Funny thing that happened yesterday at the Cancer Center.  Suddenly I felt kind of luckey….a lot of people who appeared to be younger than me, looked to be a whole lot worse.  And then there were the children with pretty little bald heads.  Then you know getting cancer is just something that happens.  It is my job to get over it, and work to help educate others and support those who support us.

chemo cocktails at 8, don’t be late

June 19, 2009

Well, here I am in a lovely and comfortable bed at U of M Infusion Unit, and have just received the cytoxin in my IV line.  This is my second IV drug, I began at about 5:15 pm with Taxotere, but immediately had a flushy-throbbing reaction.  The quick reaction time of the nurses is quite admirable…… nurse Nancy came in quickly to stop the infusion, and called Dr. S for further directions.  She was back within ten minutes and added a counteracting med to my line and then s-l-o-w-l-y resumed the infusion.  That time it was OK.

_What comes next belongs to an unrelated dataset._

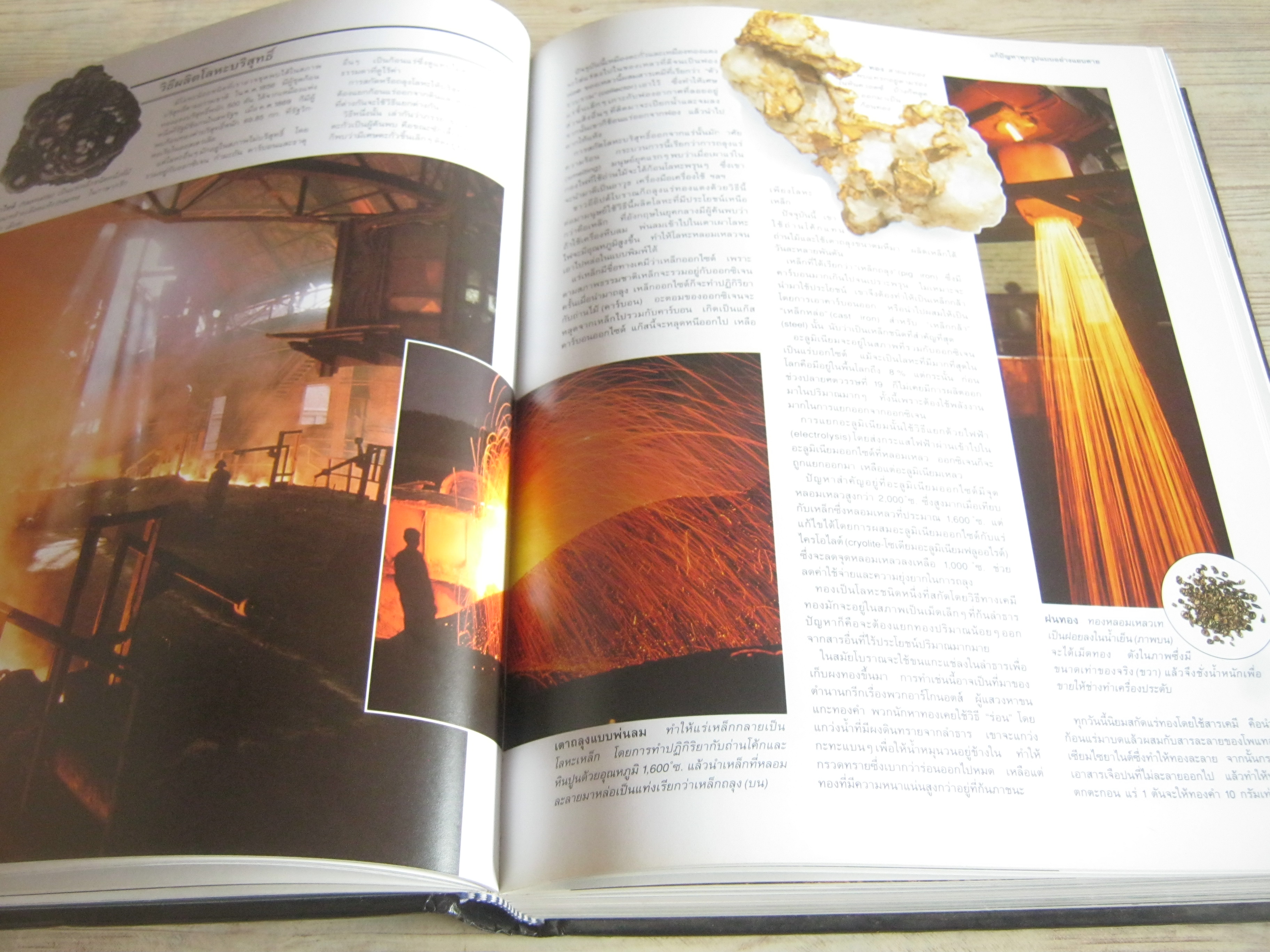 รู้รอบ ตอบได้ โดย รีดเดอร์ ไดเจสท์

So far I have watched a few videos on “TED”**, dozed off a little, and talked to Lou and Bill, my “chemo-buds” for the day.  This, so far, is not too bad.  I think the next few days will tell how well I handle the potential side effect of nausea.  Jane, the nurse practicioner for  my Doc made it very clear to me that if any of my nausea meds don’t “do the trick”, I am to call her right away so she can prescribe something different, something that will work for the unique set of systems that is me.  This exact sentiment has been reiterated several times throughout the day, if I feel ANY side effects, I am to call, they want to know.  I don’t know if all medical centers are this responsive to their patient needs, but I have a lot of positive things to say about my experience here so far at University of Michigan.

It is about 9:15 and Nancy said I am almost done so I will publish this post.  So far, so good!  Keep your fingers crossed for me!!

By the way, Nancy had no problem putting the IV in my vein.  She easily choose a vein in my hand, and painlessly inserted the IV.  NO PORT NECESSARY (so far anyways.)